**Data shown:**

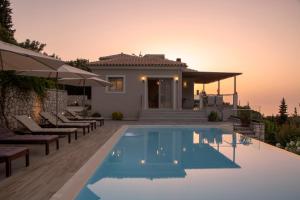 The swimming pool at or close to Drimonari Villas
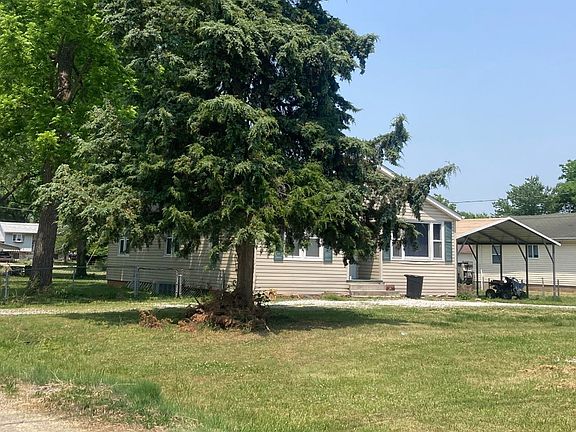 3rd image of 4925 Mueller Ave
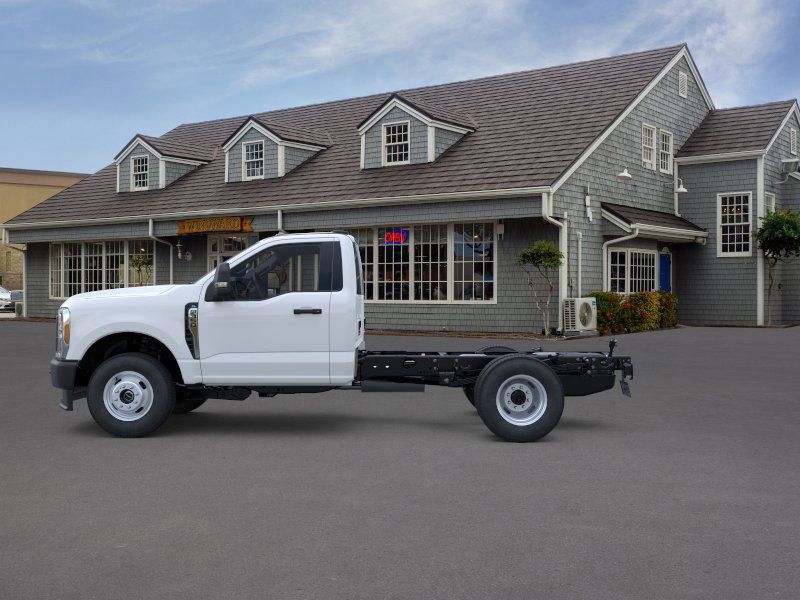 New 2025 White Ford XL image 3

**Task goal:** Everything in the data except the pictures must be transcribed exactly.

**Exercise solution:**
 The swimming pool at or close to Drimonari Villas
 3rd image of 4925 Mueller Ave
 New 2025 White Ford XL image 3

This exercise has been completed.